La tremblante caprine
La tremblante caprine
ENJEUX
La tremblante caprine est une maladie animale très rare en France, dont la police sanitaire appliquée dans les élevages atteints (afin d’éviter la contagion entre animaux, et par mesure de précaution) est assez
contraignante. La FNEC travaille sans cesse sur les aspects techniques, sanitaires et financiers (indemnisations) pour faire en sorte que les éleveurs concernés subissent le moins de préjudice possible.
ACTIONS DE LA FNEC EN 2010
Le suivi de la surveillance
Depuis février 2008, suite à un avis de l’AFSSA, la pression de surveillance à l’abattage est aujourd’hui plus modérée (9,1 % de caprins de plus de 18 mois testés) mais tout aussi forte à l’équarrissage (100% des caprins de plus de 18 mois). La FNEC a poursuivi, en lien avec la DGAL, son travail de suivi des cas de tremblante. Les résultats de cette surveillance confirment que la tremblante caprine est une maladie très rare sur le territoire français :
Voir tableau sur la fiche en pièce jointe
Evolution de la police sanitaire
L’arrêté concernant les nouvelles mesures de police sanitaire (mesures sur le lait) avait été publié le 2 juillet 2009. Le principal changement a été l’interdiction de mise à la consommation humaine du lait et des
produits laitiers provenant des caprins de l’exploitation dès la phase de suspicion. Ce lait ne doit pas non plus être destiné à l’alimentation des espèces de rente, excepté à l’alimentation des animaux du troupeau.
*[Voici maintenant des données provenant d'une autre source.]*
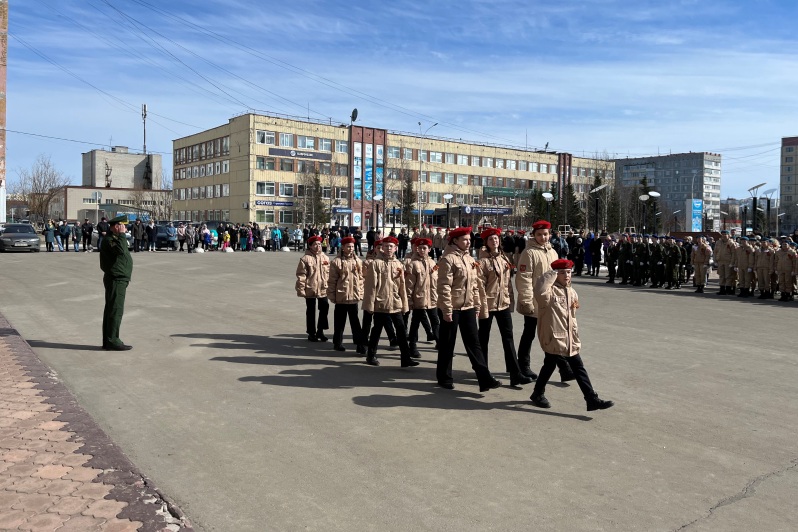 Юнармейцы усинских школ прошагали торжественным маршем.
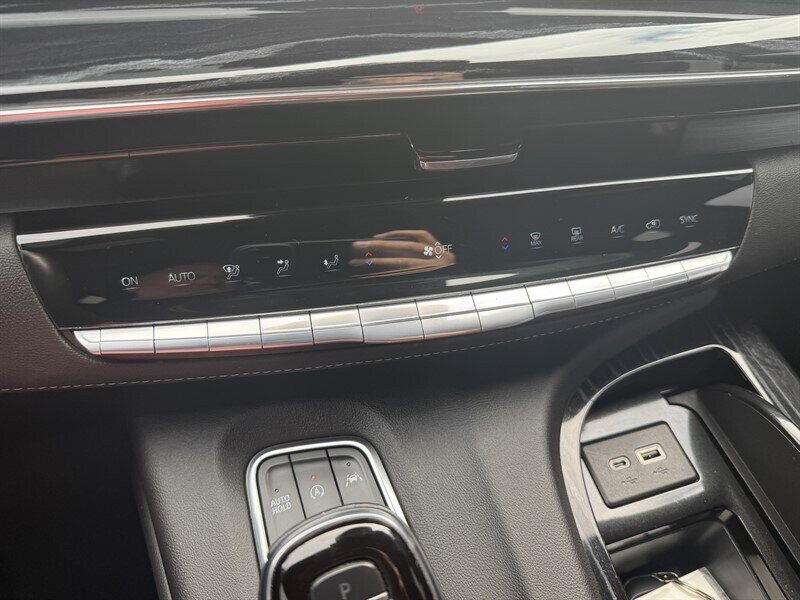 2021 Cadillac Escalade ESV Sport - Photo 43 - Nashville, TN 37210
Par ailleurs, le lait du caprin suspect doit être détruit.
Deux arrêtés parus en 2010 ont apporté des modifications à cette police sanitaire :
1. L’APDI est levé par le préfet après une période de deux ans (au lieu de trois) suivant la détection du dernier cas de tremblante atypique dans l’exploitation.
2. Les chevreaux âgés de moins de 3 mois peuvent être exemptés de marquage et d’euthanasie, et expédiés sous couvert d’un laissez-passer émis par le DDPP.
3. Pour les élevages atteints de tremblante atypique, l’abattage en dehors de l’abattoir (en vue de l’autoconsommation) est autorisé mais uniquement pour les animaux de moins de 18 mois.
4. Le lait ou les produits contenant du lait écartés de la consommation pendant la phase de suspicion peuvent être conservés sur l’exploitation dans l’attente du résultat de l’examen de confirmation. Si le résultat de l’examen de confirmation est négatif, le producteur peut reprendre la commercialisation de ces produits.
La FNEC a rédigé et largement diffusé deux notes reprenant tous les éléments de ces 2 arrêtés modifiant la police sanitaire. Elles sont disponibles sur le site de la FNEC.
Pour rappel, la mise en place de la nouvelle police sanitaire avait permis à la FNEC d’obtenir la revalorisation des plafonds d’indemnisation pouvant aller jusqu’à 2500 €/chèvre pour un producteur fermier.
PERSPECTIVES
Le dossier tremblante est suivi de très près par la FNEC en 2011, et les efforts seront poursuivis afin d’obtenir le retour du protocole dérogatoire.